Exercise aim:
Find every line in the records below that holds the word "full" and copy it.
Content starts
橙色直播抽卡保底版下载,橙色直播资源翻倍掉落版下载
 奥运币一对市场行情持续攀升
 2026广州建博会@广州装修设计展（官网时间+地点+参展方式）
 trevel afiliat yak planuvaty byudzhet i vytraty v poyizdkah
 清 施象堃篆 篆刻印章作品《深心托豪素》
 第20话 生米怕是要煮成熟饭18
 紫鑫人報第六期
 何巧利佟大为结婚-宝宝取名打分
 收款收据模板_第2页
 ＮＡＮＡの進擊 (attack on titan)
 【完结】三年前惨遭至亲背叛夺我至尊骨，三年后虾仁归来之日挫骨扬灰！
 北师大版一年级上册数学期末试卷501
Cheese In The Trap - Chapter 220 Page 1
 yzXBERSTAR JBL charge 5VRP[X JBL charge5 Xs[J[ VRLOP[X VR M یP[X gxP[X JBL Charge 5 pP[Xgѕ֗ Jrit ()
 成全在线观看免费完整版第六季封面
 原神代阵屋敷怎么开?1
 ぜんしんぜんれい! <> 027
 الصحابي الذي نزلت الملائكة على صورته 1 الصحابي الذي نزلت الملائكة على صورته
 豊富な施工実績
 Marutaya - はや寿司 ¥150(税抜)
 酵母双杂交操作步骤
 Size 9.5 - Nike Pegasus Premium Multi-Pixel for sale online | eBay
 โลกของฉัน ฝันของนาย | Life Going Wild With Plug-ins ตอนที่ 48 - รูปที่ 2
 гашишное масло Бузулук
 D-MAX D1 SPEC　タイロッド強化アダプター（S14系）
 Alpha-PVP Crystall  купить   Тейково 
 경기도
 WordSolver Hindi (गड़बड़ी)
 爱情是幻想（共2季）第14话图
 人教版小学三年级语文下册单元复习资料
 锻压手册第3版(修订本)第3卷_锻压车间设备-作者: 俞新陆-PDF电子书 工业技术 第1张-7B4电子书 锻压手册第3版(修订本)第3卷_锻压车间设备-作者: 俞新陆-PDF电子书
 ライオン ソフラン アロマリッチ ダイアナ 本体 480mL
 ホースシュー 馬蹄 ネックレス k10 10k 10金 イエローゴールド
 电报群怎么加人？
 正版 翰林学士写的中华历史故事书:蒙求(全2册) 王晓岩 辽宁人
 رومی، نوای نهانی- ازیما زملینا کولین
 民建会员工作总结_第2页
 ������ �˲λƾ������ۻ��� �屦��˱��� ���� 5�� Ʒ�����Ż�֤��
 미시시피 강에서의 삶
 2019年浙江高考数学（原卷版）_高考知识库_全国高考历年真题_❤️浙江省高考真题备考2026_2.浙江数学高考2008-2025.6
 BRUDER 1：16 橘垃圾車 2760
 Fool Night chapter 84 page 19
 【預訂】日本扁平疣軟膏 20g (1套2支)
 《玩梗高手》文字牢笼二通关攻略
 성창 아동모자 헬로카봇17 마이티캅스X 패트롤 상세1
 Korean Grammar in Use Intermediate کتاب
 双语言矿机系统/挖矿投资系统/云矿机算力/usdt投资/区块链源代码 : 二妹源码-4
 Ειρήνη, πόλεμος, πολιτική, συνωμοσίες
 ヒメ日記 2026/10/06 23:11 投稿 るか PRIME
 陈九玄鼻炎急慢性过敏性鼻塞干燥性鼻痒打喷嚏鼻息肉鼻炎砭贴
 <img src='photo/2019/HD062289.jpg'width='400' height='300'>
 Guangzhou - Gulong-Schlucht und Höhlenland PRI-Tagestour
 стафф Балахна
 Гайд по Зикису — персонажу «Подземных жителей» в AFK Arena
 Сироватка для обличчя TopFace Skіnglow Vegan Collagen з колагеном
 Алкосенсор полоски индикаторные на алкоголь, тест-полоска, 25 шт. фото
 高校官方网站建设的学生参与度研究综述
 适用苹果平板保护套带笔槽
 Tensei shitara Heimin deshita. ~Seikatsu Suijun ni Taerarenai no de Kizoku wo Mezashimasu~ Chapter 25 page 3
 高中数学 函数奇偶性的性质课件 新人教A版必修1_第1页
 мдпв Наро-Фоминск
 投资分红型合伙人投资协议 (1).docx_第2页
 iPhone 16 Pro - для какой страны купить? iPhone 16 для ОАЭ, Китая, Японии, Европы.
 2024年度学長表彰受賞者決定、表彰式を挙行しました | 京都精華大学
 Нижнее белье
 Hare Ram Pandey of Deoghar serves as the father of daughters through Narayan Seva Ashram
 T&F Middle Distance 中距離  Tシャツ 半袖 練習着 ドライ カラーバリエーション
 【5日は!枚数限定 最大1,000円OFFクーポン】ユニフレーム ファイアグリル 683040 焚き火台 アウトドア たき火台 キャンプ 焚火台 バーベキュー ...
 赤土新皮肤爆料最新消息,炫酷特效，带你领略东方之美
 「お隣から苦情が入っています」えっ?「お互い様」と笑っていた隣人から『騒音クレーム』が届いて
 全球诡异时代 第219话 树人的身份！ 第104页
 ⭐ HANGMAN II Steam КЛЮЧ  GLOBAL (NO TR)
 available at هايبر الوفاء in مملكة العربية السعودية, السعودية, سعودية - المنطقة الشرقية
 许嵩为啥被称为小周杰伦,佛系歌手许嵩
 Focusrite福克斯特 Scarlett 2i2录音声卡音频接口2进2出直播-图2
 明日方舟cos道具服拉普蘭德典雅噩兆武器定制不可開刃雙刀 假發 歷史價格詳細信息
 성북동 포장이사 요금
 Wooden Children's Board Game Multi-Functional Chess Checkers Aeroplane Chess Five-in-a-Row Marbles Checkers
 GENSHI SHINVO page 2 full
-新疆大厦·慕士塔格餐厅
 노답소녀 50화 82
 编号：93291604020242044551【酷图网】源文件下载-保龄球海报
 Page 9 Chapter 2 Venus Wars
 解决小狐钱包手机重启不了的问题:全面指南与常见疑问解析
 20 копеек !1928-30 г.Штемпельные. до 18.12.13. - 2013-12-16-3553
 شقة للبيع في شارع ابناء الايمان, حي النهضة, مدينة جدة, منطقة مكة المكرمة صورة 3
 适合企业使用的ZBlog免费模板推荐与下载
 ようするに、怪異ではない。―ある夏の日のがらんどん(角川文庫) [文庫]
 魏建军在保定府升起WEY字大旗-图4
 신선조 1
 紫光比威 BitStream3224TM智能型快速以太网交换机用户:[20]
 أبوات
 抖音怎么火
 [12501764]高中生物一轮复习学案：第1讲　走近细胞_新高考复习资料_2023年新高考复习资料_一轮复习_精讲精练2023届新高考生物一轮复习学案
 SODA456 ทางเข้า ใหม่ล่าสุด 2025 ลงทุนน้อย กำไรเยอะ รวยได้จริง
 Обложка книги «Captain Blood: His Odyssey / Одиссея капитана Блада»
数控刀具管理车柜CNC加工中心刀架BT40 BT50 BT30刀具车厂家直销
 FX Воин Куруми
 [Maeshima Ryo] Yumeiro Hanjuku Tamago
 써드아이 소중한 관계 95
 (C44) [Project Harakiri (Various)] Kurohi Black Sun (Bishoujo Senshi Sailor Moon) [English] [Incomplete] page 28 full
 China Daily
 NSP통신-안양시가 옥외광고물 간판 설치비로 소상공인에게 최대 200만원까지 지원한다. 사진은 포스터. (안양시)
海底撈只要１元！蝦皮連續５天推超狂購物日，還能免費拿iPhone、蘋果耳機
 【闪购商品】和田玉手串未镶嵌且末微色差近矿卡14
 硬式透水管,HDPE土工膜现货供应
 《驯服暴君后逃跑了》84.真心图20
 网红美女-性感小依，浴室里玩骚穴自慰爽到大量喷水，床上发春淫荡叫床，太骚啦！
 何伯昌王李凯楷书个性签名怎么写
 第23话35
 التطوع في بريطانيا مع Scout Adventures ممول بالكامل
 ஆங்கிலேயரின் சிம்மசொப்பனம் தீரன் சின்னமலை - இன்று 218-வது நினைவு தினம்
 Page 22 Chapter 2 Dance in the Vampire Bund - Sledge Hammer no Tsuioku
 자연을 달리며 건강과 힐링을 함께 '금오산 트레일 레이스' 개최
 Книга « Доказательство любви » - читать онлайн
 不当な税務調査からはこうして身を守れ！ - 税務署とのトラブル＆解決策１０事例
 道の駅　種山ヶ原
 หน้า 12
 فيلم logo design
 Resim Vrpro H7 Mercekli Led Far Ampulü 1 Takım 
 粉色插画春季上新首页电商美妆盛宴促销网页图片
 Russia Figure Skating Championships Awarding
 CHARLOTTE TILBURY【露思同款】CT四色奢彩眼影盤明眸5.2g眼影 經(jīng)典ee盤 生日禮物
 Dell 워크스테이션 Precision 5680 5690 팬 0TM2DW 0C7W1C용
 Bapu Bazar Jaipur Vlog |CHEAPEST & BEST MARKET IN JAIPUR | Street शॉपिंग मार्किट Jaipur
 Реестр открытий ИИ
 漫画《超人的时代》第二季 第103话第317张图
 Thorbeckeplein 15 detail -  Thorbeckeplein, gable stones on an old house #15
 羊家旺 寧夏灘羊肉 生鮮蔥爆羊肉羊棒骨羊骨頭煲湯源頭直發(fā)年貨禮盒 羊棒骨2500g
Content ends
Written response:
 GENSHI SHINVO page 2 full
 (C44) [Project Harakiri (Various)] Kurohi Black Sun (Bishoujo Senshi Sailor Moon) [English] [Incomplete] page 28 full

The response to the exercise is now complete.